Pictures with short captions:
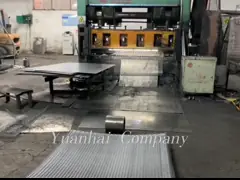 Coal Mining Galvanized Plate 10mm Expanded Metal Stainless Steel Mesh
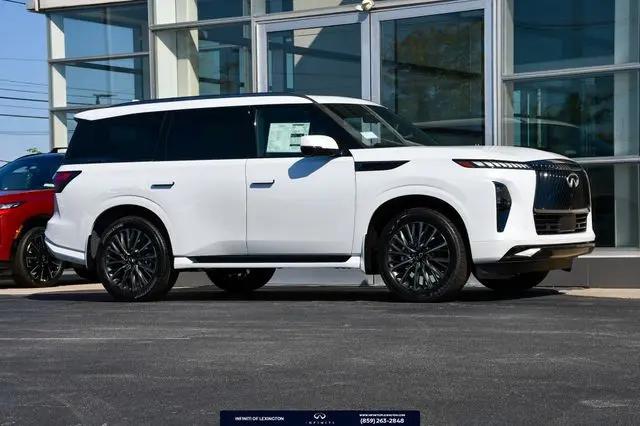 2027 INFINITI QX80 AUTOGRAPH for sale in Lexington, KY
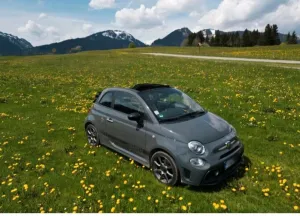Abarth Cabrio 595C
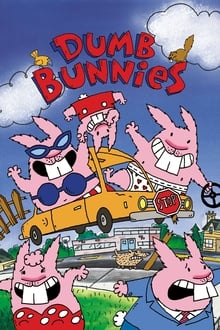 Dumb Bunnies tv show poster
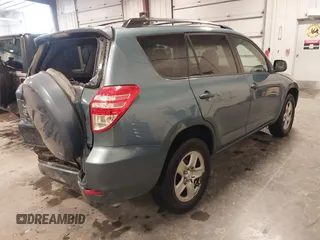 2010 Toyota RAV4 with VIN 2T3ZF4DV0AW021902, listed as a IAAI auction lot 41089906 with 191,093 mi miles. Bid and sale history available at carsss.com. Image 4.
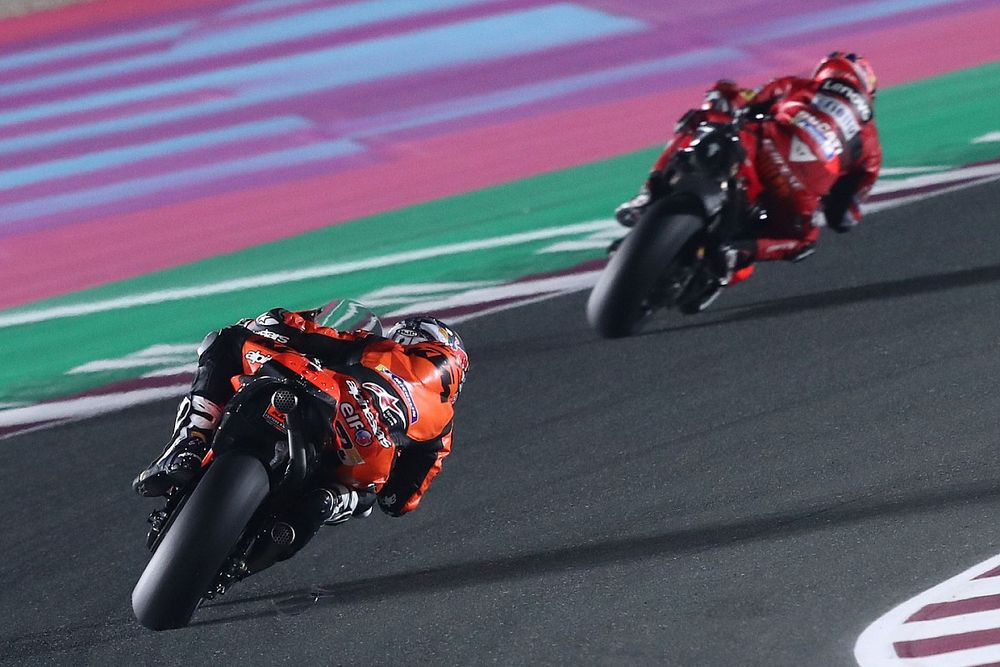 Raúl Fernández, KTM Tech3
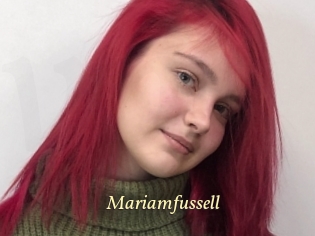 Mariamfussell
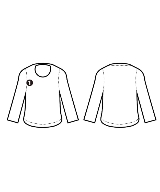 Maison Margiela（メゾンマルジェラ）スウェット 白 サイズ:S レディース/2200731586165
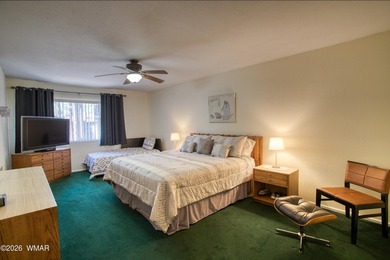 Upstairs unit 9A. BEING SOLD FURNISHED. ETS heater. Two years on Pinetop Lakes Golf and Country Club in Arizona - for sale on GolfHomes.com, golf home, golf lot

§ PROBLEM DESCRIPTION: Restate, word for word, each line from the line containing "Raúl Fernández, KTM Tech3" through the end of the entries above; the pictures are not part of the copy.

§ TASK ANSWER:
 Raúl Fernández, KTM Tech3
 Mariamfussell
 Maison Margiela（メゾンマルジェラ）スウェット 白 サイズ:S レディース/2200731586165
 Upstairs unit 9A. BEING SOLD FURNISHED. ETS heater. Two years on Pinetop Lakes Golf and Country Club in Arizona - for sale on GolfHomes.com, golf home, golf lot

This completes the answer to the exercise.